Muster grew up in Leibnitz - non-skiing country close to the border with Slovenia. His father was in the army, his mother worked in a sports shop - jobs which they still have today. By Austrian standards, it was a humble background, and Muster cites it as a factor in toughening him up. His tennis career took off at the French junior championships of 1984. Ivan Lendl was looking for a left-hander to practise against before a match against Henri Leconte, and Lendl's coach, Wotjek Fibak, had the 16-year- old Muster recommended to him by an Austrian student, Ronald Leitgeb, with whom Fibak had worked on a book. Fibak saw enough of Muster to suggest to Leitgeb that he coach the boy himself.

Thus began the longest player-coach partnership in the men's game. Eleven years on, Leitgeb, aged 36, and Muster are still together, an amazing record given the volatility that often sur- rounds these relationships. "We are both determined to reach our goals," Leitgeb offered by way of a coach-speak explanation.

The big test for both men came in 1989 when the routine business of unloading his kit from the boot of a car in Key Biscayne in Florida suddenly turned Muster's life upside down. The next car along, rammed from behind by a drunken driver, lurched forward, smashing into Muster and damaging his right knee so badly that he was in rehabilitation for six months. The story of how Muster, guided by Leitgeb, had a special chair designed so that he could practise while sitting down, and then came back to win the Italian Open the following year, is the stuff of tennis legend.
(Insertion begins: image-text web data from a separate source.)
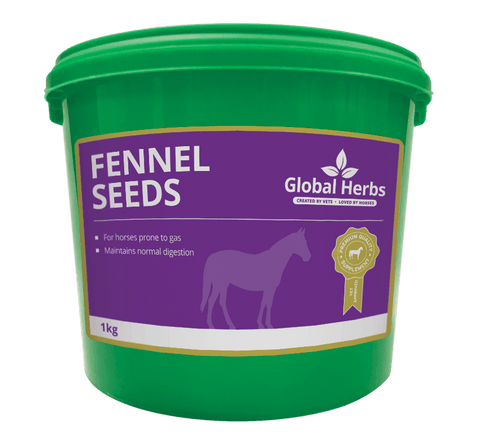 Global H Fennel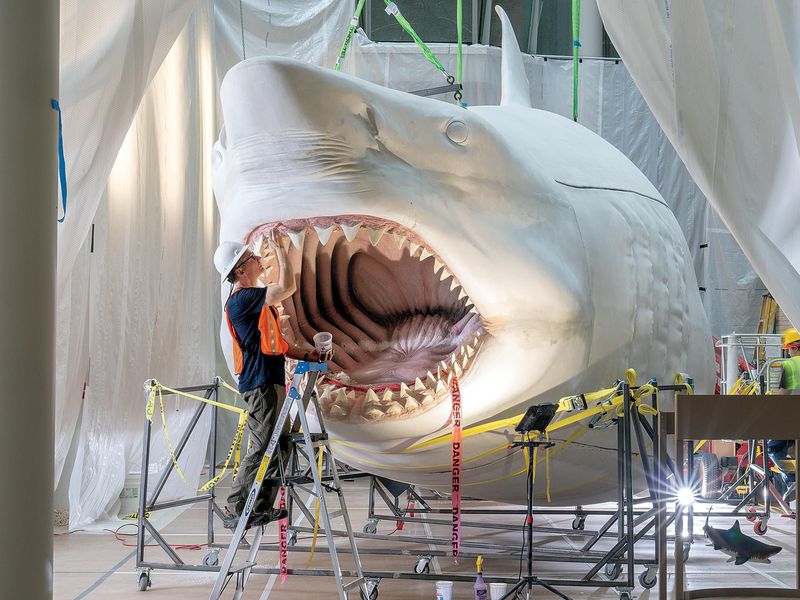 [:es]Reimagining the Megalodon, the World’s Most Terrifying Sea Creature[:]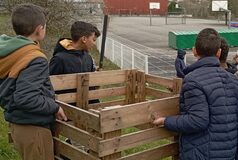 Galerie photo La salade, du jardin à l'assiette !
Although Muster says he feels no pain in his leg, the legacy of the accident lies in his technique, and in rendering clay not just his preferred surface, but the only one on which he can realistically compete. "He still has great difficulty bending his knee," Leitgeb said. "On clay, where the ball is bouncing rather than sliding, he can compensate with very good footwork. He ought to do well on hard courts as well, but it is much less forgiving and the doctors say he should play on it very little because in the long run it could shorten his career." As for grass, forget it.

Muster is also notable for the way he has adjusted his game to keep up with the younger generation of clay-courters, whose experience of only ever having played with graphite rackets - Muster goes back to the age of wooden frames - has made for a more aggressive game in which the ball is hit flatter and from not so deep.

But then Muster rarely misses a trick. Among a number of run-ins he has had with his fellow pros, not least with Boris Becker when the German all but accused him of taking drugs, was one he had with his fellow Austrian Alex Antonitsch during a live television discussion ostensibly about Austria's Davis Cup team. Eventually Antonitsch accused Muster of getting upset because he - Antonitsch - had gone off with Muster's girlfriend, which he had. "She was good," Muster said scathingly, "but not that good." Muster is good too, and getting better.